In the x86_64 C2 fast_unlock intrinsic, we correctly check if _succ was set right after storing NULL to the ObjectMonitor owner field. If so, we have to try taking the lock. If we succeed, we should enter the slow path and deal with poking the successor, and if we fail to re-take the lock, we should *not* enter the slow path, because another thread beat us to it and will poke the successor. This is where the issue is.

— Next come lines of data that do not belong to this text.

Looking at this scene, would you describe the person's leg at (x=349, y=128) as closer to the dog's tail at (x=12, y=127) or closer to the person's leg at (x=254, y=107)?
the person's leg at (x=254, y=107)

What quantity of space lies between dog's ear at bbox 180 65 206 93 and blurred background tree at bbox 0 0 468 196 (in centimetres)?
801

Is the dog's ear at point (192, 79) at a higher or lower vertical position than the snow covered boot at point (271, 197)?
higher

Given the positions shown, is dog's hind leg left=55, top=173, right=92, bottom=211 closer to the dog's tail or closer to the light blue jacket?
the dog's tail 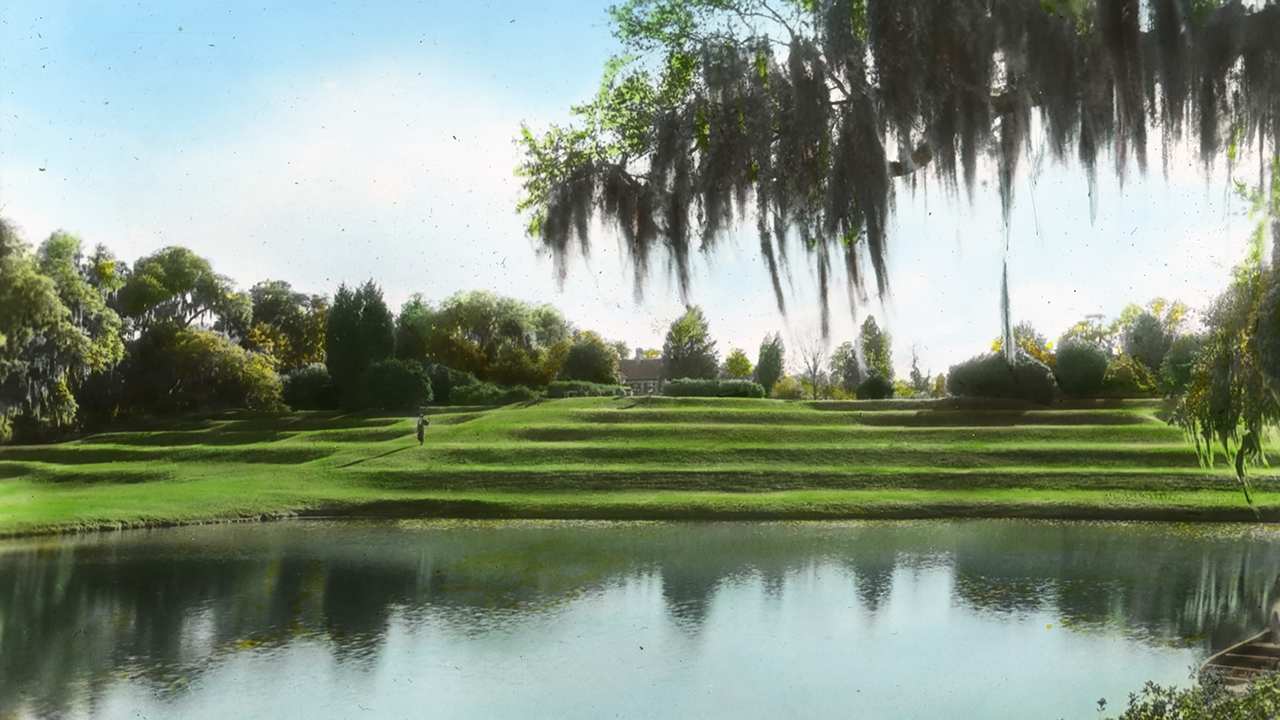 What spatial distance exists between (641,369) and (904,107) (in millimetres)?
63252

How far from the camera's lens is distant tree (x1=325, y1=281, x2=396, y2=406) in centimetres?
3541

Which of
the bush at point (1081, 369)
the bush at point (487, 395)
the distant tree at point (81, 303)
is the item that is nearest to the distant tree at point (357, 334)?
the bush at point (487, 395)

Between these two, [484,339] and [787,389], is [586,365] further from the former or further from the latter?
[787,389]

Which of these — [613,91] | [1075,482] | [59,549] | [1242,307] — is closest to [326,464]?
[59,549]

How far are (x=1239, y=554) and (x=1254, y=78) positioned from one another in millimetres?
12279

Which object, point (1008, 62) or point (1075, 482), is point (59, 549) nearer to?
point (1008, 62)

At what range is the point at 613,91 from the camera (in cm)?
857

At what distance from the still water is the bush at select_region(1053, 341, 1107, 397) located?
16211mm

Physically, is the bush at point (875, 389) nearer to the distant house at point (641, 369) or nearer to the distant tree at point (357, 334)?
the distant tree at point (357, 334)

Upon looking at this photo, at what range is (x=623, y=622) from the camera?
1140 centimetres

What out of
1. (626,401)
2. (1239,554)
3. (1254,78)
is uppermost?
(1254,78)

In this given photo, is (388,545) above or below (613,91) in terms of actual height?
below

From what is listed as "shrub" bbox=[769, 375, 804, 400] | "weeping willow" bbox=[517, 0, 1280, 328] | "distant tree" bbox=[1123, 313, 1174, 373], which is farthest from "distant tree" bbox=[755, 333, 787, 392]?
"weeping willow" bbox=[517, 0, 1280, 328]

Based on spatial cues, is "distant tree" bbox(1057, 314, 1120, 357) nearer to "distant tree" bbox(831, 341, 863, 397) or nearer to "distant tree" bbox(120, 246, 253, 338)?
"distant tree" bbox(831, 341, 863, 397) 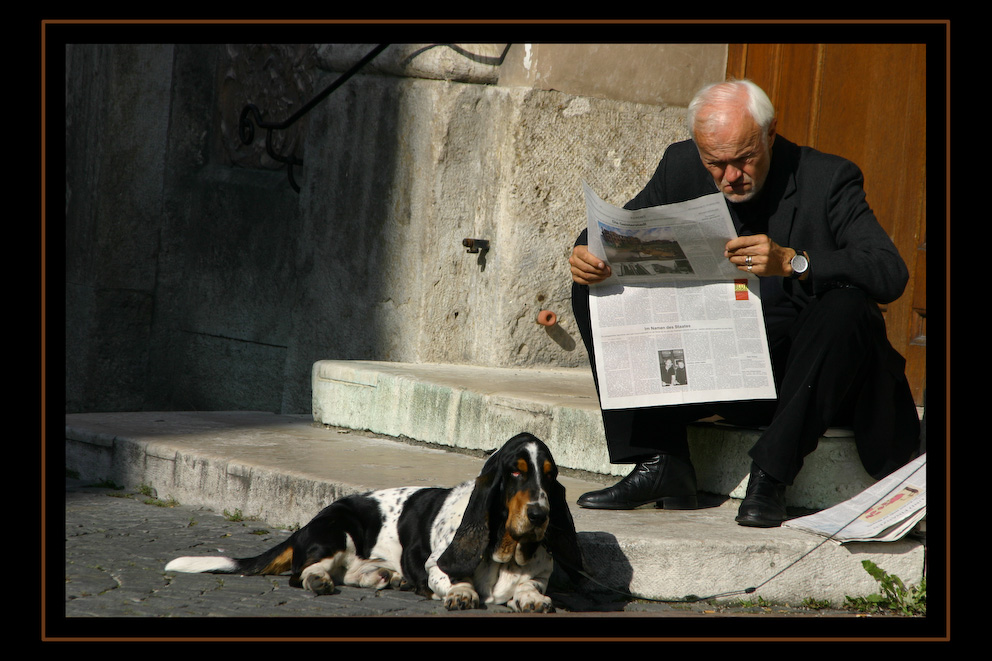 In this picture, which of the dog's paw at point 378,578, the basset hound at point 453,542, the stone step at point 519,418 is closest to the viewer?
the basset hound at point 453,542

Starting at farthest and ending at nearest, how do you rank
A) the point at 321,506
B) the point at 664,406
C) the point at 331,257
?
the point at 331,257, the point at 321,506, the point at 664,406

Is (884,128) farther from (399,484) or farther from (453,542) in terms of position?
(453,542)

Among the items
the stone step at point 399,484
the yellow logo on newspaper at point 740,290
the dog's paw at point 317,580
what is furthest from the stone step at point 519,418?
the dog's paw at point 317,580

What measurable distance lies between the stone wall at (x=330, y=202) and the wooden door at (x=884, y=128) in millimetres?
608

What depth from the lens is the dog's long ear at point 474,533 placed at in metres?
3.03

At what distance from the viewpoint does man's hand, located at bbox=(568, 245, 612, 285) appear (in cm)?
353

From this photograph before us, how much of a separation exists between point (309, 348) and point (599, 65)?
7.89 ft

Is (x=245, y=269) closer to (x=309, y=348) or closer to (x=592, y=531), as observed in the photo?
(x=309, y=348)

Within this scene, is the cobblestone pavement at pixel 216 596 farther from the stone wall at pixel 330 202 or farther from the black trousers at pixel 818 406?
the stone wall at pixel 330 202

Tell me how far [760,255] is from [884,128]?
2403 millimetres

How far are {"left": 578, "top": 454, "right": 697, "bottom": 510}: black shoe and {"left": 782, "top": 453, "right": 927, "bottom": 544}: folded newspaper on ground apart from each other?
39 cm

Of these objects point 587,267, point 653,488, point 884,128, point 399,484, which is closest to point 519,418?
point 399,484

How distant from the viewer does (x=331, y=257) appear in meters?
6.11

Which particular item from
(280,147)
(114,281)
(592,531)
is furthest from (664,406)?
(114,281) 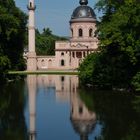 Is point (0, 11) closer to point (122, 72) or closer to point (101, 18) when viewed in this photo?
point (101, 18)

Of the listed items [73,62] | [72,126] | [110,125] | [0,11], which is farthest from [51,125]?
[73,62]

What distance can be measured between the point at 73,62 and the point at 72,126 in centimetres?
10593

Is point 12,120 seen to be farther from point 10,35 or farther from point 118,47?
point 10,35

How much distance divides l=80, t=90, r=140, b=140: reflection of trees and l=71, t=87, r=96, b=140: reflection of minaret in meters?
0.44

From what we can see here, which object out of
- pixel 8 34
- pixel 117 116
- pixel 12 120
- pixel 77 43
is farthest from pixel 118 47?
pixel 77 43

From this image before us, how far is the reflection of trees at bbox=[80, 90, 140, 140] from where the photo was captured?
741 inches

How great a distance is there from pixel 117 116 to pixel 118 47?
19.1 m

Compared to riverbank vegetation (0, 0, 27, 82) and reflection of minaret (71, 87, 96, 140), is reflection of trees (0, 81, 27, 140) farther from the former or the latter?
riverbank vegetation (0, 0, 27, 82)

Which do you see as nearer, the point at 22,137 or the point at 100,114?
the point at 22,137

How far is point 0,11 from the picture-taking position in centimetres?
4972

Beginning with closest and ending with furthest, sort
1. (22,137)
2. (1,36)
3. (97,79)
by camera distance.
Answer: (22,137), (97,79), (1,36)

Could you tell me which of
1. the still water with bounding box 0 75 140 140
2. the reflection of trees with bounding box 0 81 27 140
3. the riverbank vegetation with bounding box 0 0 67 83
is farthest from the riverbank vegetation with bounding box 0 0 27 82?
the still water with bounding box 0 75 140 140

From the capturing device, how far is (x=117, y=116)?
24.0 m

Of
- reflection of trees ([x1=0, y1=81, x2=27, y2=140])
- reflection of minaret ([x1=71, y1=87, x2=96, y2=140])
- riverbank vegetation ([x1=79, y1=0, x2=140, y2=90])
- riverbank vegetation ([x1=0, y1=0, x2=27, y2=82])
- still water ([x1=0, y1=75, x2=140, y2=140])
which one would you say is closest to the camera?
reflection of trees ([x1=0, y1=81, x2=27, y2=140]) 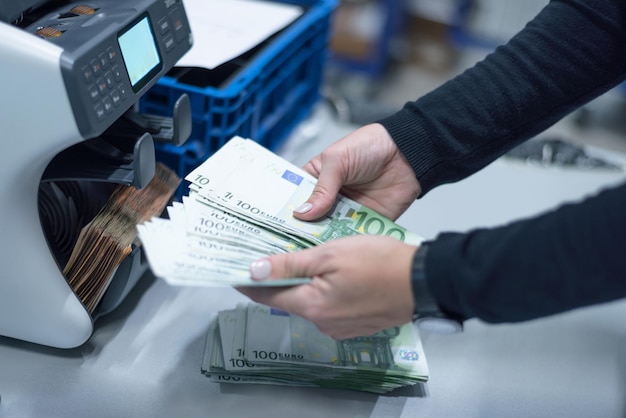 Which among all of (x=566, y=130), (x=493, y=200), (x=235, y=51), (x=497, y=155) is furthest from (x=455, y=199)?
(x=566, y=130)

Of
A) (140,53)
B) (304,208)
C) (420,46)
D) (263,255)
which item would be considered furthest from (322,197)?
(420,46)

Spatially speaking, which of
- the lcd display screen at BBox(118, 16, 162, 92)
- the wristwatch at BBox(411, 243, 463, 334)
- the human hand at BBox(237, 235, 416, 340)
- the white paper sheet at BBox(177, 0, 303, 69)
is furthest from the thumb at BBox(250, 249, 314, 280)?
the white paper sheet at BBox(177, 0, 303, 69)

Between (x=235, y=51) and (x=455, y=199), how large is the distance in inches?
16.8

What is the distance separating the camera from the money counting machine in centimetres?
59

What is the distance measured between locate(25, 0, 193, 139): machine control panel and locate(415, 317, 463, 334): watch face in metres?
0.35

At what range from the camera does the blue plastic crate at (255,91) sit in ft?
2.96

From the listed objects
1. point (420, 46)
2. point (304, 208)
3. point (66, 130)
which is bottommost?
point (420, 46)

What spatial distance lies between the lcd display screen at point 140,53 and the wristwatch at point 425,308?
34 centimetres

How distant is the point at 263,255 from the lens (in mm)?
695

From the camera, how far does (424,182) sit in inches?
34.8

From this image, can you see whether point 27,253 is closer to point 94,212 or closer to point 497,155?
point 94,212

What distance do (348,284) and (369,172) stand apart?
0.28 m

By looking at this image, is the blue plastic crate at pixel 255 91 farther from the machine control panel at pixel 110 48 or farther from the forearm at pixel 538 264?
the forearm at pixel 538 264

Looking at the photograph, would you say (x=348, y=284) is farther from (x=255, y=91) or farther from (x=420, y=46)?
(x=420, y=46) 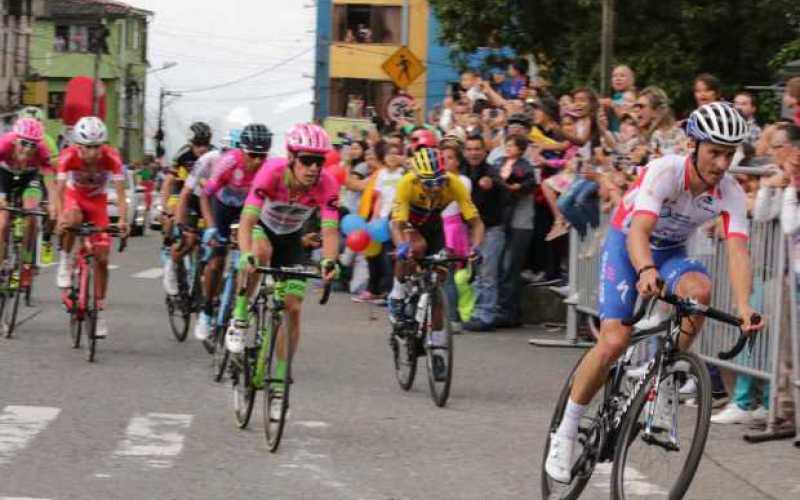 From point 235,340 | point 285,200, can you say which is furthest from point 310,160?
point 235,340

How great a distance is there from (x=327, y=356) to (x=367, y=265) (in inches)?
287

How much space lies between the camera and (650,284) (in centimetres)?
726

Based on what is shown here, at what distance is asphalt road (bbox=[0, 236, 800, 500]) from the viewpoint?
9070 mm

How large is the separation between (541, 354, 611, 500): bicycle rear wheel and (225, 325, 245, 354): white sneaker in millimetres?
3214

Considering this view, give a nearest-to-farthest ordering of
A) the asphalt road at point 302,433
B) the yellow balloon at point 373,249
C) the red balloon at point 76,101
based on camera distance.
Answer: the asphalt road at point 302,433
the yellow balloon at point 373,249
the red balloon at point 76,101

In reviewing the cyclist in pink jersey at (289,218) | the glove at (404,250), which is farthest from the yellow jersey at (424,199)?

This is the code that tries taking the lock again:
lock();
cmpxchgptr(r15_thread, Address(tmpReg, OM_OFFSET_NO_MONITOR_VALUE_TAG(owner)));
jccb (Assembler::notEqual, LSuccess);
And this is the success label (which is designed to let us pass the fast path):
bind (LSuccess);
testl (boxReg, 0); // set ICC.ZF=1 to indicate success
For this to actually set ZF, as the comment implies, the contents of boxReg must be zero. But in this particlar case when re-taking the lock in a failing way, it won't be. Because boxReg is always rax, and rax is used by the CAS to store the previous value of the CAS operation. And when the CAS failed, it's always because there is a non-zero value in memory. So when we get to the LSuccess label, we will *not* set ZF. Therefore, we will instead incorrectly take the slow path, even though we should have taken the fast path (which is indeed the contract for the LSuccess label).
When we incorrectly enter the slow path, it is expected that we own the lock. And if we do not, there is an assert(false), and a bunch of error logging saying that we must have hit unbalanced JNI locking. While in fact, this only happened because of incorrect assembly code.